The ISDN terminal user information matching device is connected to the system control unit 4 and the standard system bus (VME BUS), and the system control unit 4 and the ATM / physical layer processing unit 3 are local buses connected by dedicated lines. Connected.

2 is a schematic structural diagram of an ISDN terminal user information matching device according to the present invention, in which 21 is an R interface, 22 is an R interface processing unit reset circuit, 24 is an AAL processing unit, 25 is an ATM hair processing unit, and 26 is multiplexing / deactivation. Central, 27 is loopback circuit, 28 is transmit / receive buffer, 29 is ATM interface, 30 is address decoder, 31 is system bus (VME Bus) controller, 32 is local clock generator, 33 is club distribution circuit, 34 is A clock monitoring circuit, 35 represents an error signal generating circuit, 36 represents a control / status register, and 37 represents an identifier bus (VME Bus).

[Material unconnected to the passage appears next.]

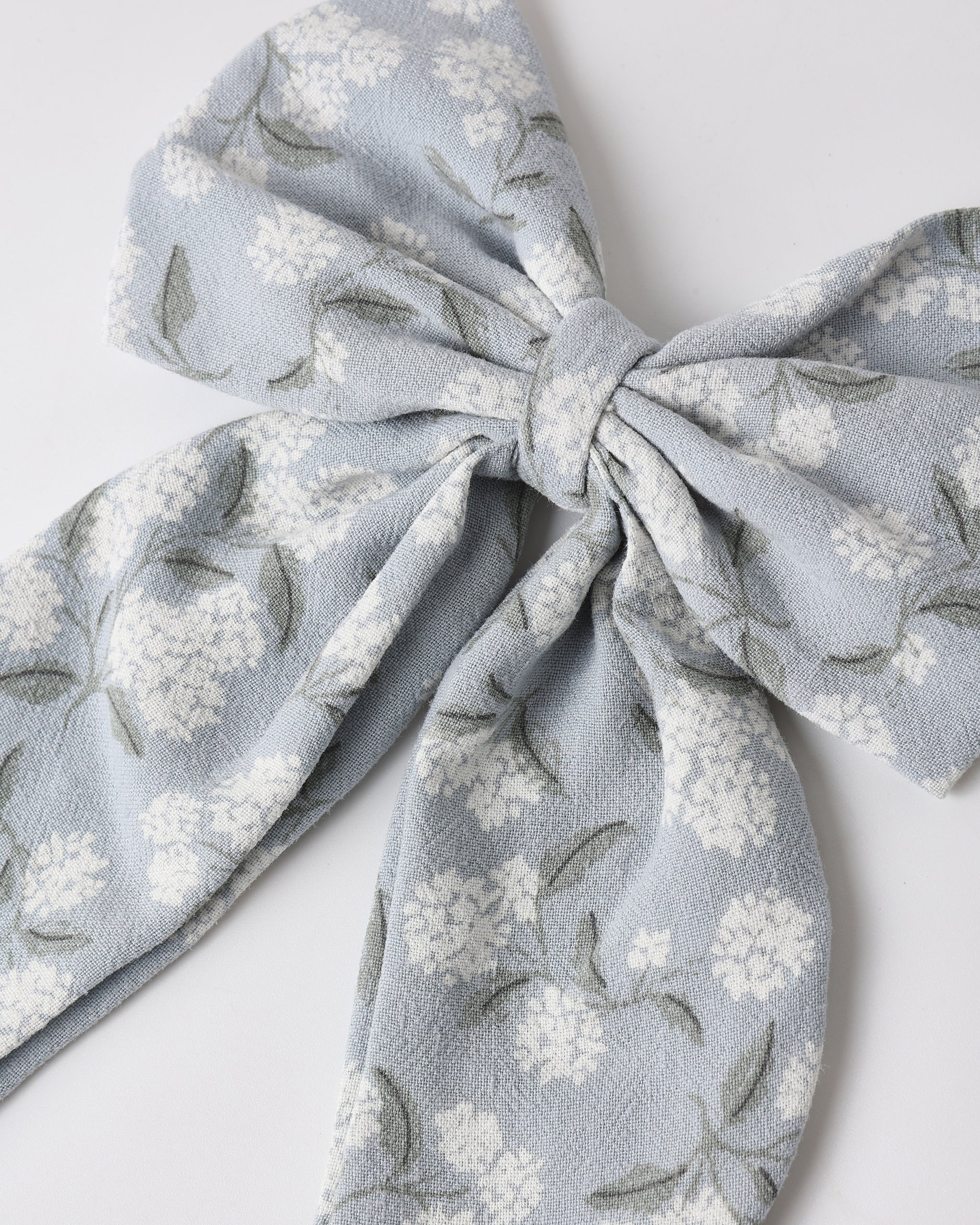 Oversized Bow Hydrangea - Rylee + Cru | Kids Clothes | Trendy Baby Clothes | Modern Infant Outfits |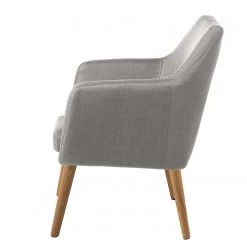 Mørteens Fauteuil Nicholas - Tissu - Gris clair -Pas Cher Fauteuils Magasin 1000126898 181115 17413603 GALLERYIMAGES P000000001000126898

Some functions required by the BISDN to access narrowband subscriber information received through the NISDN S interface in accordance with CCITT Recommendation 1430 to the subscriber (S _B ) interface of the BISDN (the function of AAL-1 for user information and the ATM layer In order to perform some functions), first, the R interface processor 22 is connected to the R interface 21, performs the same function as the electrical standard of the S interface of the NISDN, and is configured to satisfy CCITT Recommendation I.430. . Also, it performs the functions such as transmission of ISB terminal and 2B + D channel, transmission of start / stop signal, maintenance, etc., and transfers 64Kbps B channel information and signal message received to R interface, and 16Kbps D channel. Has the function of separating information. Up to eight ISDN terminals can be connected to the S reference point interface, and two terminals can be connected at the same time.

The reset circuit 23 applies an initialization signal to the entire circuit of the present invention upon power-up or manual reset, and the manual reset can be applied by the method via the system bus (VME) and by its own reset switch from the system controller. . In addition, software reset for control of the present invention is performed using a hardware reset / status register 36. The software reset may apply each of the B1 and B2 channels independently and simultaneously.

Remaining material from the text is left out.